Rule 22 reads as follows:
22. Not costs shall be awarded
to or payable by any party in respect of an application for leave, an
application for judicial review or an appeal under these Rules unless the
court, for special reasons, so orders.
[6]
Based on
the record I find that there are no special reasons to award costs of this
appeal, let alone costs on a solicitor-and-client basis.
[7]
The
judgment under appeal was delivered on May 11, 2007. Pursuant to subsection
74(d) of the Immigration and Refugee Protection Act the Federal Court
Judge certified three serious questions of general importance on August 13,
2007.
[8]
The three
certified questions are as follows:
1.
Did the
Federal Court judge err in his interpretation of the Supreme Court’s decisions
in Charkaoui and Suresh in that they do not require a stay of the
judicial review proceedings in this case?
2.
Did the
Federal Court judge err in law in that he ordered the stay based on speculation
that a future evidentiary record, in this case, would be materially different
from the present record?
3.
Is the
Supreme Court’s determination in Charkaoui that detention reviews and
reasonableness hearings can proceed under the existing IRPA scheme during the
one-year period of suspension inconsistent with the Federal Court judge’s
decision in this case that the judicial review cannot proceed during the
one-year period of suspension?
[9]
Given that
the motions judge certified three separate questions on the grounds that they
were serious questions or general importance it cannot be claimed that the
appeal was frivolous or vexatious.
[10]
On October
22, 2007, Bill C-3 was introduced in Parliament. The new legislation
significantly amended the security certificate process, in response to the
Supreme Court’s judgment in Charkaoui.
[11]
On
Feburary 22, 2008, Bill C-3 came into force. Section 8 of the transitional
provisions terminated any existing proceeding involving the respondent relating
to section 112 or 115 of the IRPA, including the decision underlying the
judicial review proceeding.
[12]
On March
18, 2008, the respondents brought a motion to dismiss the appeal for mootness.
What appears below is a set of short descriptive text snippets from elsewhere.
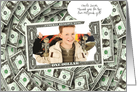 Bar Mitzvah Gift Thank You Money Frame with Photo Blank card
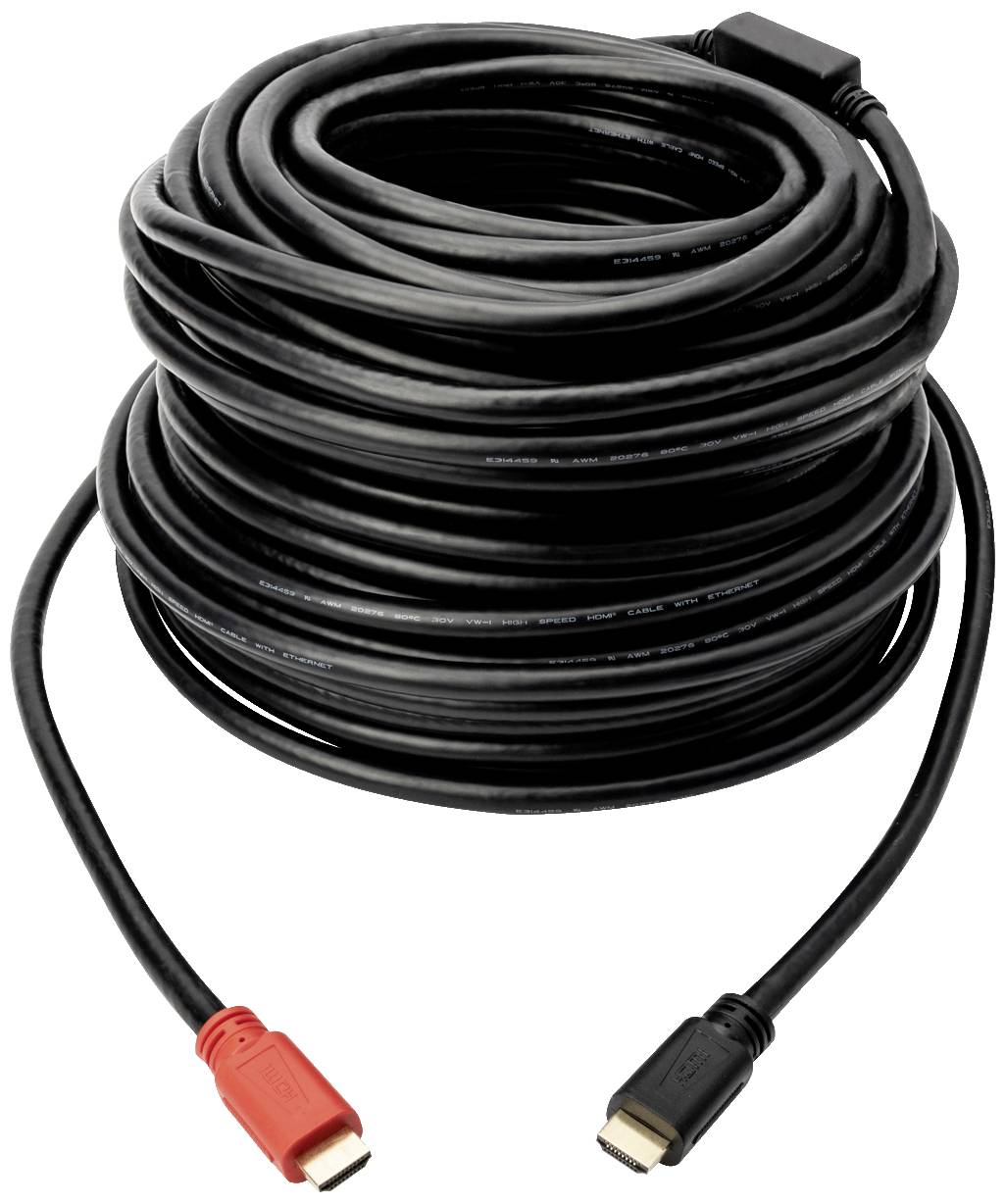 Un long câble HDMI noir avec une fiche rouge et une fiche noire, représenté enroulé.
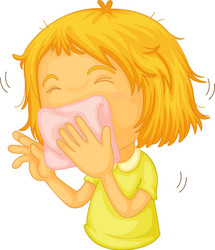 Girl with a Tissue Vector Image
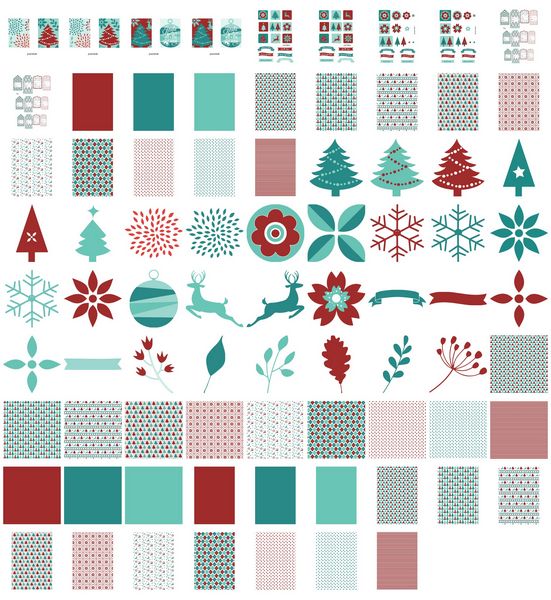 Set 08 Stunning Christmas Creations - <b>Christmas Burgundy Blue Baubles and Trees</b> - 79 Pages to Download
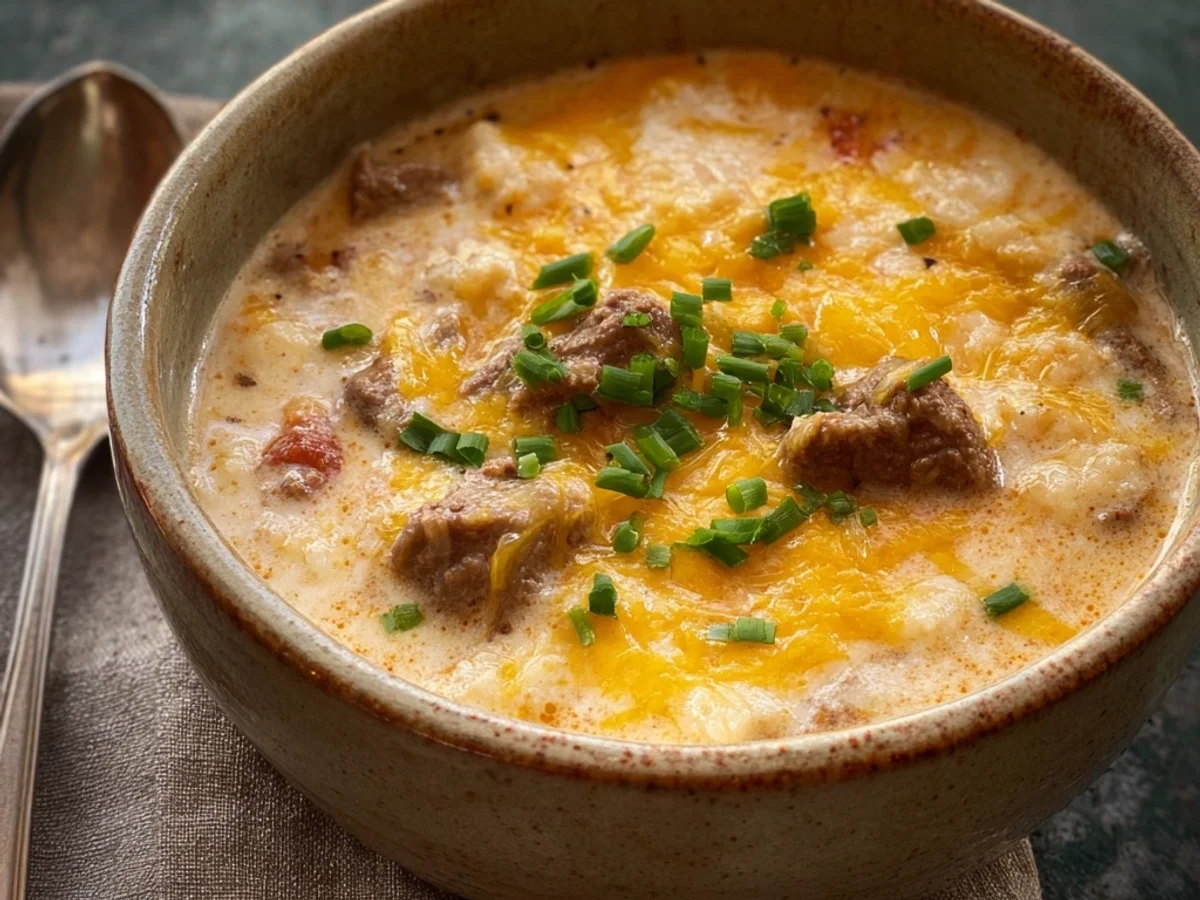 Hearty Cheesy Beef Soup: A Warm & Filling Dinner - Image 2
On March 31, 2008, the appellants wholly discontinued this appeal.
[13]
The test
for awarding solicitor-and-client costs is whether a party has engaged in
reprehensible, scandalous or outrageous conduct Baker v. Canada (MCI),
[1999] 2 S.C.R. 817 at 864. On reviewing the record the test for
solicitor-and-client costs has not been met and this is not an appropriate
situation to award costs on a solicitor-and-client basis.
[14]
The
respondent also requests that costs of the interlocutory steps leading up to
the appeal be granted. The Federal Court’s order certifying the three questions
is silent as to costs and I see no reason to disturb this decision.
[15]
Accordingly
the motion for costs will be dismissed.
“J.
Richard”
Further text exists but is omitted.